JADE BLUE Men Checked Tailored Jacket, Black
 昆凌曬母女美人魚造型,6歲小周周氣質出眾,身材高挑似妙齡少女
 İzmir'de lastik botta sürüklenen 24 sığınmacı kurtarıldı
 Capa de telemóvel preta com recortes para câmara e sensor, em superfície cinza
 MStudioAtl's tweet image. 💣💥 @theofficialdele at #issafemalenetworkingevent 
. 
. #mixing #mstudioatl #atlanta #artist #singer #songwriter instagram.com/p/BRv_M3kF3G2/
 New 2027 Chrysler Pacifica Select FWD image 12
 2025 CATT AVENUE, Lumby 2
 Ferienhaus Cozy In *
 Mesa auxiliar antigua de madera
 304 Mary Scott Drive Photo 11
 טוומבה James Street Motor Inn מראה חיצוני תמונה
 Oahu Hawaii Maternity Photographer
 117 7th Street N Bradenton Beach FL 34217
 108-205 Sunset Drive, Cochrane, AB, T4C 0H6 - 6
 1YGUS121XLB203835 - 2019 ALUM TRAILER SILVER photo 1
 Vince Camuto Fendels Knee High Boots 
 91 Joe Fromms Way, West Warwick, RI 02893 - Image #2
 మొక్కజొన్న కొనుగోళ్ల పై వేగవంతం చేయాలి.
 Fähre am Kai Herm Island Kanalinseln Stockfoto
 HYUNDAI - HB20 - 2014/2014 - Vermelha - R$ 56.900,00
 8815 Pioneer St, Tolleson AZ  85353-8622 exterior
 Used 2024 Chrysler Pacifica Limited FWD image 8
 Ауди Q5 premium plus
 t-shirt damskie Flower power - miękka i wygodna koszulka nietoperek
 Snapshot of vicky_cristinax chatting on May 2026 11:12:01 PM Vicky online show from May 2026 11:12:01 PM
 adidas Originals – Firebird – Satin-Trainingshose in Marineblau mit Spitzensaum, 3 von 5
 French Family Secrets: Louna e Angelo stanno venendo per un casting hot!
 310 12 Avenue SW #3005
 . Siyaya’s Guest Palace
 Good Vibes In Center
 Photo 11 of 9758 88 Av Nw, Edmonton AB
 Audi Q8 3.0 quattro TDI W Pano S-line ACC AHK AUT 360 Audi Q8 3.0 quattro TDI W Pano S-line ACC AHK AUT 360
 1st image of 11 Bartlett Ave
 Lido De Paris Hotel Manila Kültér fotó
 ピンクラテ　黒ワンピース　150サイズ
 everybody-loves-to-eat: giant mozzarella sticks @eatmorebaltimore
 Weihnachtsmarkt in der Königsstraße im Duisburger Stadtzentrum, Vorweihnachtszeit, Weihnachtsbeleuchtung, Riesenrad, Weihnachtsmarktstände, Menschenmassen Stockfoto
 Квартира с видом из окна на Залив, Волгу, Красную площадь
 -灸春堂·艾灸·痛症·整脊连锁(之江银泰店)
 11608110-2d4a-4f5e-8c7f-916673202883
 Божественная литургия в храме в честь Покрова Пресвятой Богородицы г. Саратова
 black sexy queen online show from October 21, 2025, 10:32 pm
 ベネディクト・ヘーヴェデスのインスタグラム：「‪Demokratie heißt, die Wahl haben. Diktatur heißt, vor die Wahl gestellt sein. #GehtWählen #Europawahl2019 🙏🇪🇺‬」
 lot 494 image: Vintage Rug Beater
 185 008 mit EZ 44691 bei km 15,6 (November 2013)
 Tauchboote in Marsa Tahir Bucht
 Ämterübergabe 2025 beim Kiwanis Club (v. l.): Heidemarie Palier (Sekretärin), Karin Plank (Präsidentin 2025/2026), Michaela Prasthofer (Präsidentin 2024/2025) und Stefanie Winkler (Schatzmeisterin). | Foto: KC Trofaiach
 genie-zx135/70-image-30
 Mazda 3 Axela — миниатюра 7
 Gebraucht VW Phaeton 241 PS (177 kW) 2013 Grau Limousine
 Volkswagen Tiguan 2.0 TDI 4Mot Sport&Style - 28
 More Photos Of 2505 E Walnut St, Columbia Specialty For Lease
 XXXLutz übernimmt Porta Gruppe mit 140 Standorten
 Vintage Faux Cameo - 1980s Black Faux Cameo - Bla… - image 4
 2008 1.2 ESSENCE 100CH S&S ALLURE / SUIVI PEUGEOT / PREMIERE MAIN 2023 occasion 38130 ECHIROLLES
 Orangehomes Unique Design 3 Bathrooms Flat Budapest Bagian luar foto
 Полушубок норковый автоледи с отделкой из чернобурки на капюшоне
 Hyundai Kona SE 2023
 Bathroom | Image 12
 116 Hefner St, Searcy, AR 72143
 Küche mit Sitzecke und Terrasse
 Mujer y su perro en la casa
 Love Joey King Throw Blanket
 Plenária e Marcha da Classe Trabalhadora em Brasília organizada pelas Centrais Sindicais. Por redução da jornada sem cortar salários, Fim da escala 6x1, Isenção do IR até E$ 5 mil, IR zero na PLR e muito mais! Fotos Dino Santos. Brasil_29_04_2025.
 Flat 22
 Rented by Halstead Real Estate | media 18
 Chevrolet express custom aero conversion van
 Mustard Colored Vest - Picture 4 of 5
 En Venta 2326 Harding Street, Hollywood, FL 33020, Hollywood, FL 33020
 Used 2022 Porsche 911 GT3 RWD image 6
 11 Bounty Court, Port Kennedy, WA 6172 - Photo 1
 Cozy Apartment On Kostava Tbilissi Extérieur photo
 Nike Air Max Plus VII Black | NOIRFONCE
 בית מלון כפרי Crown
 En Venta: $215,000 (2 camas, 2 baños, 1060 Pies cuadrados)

TASK DIRECTIONS
In the material above, please count the lines that hold the word "show" and answer with only that number.

OUTPUT OF THE TASK
2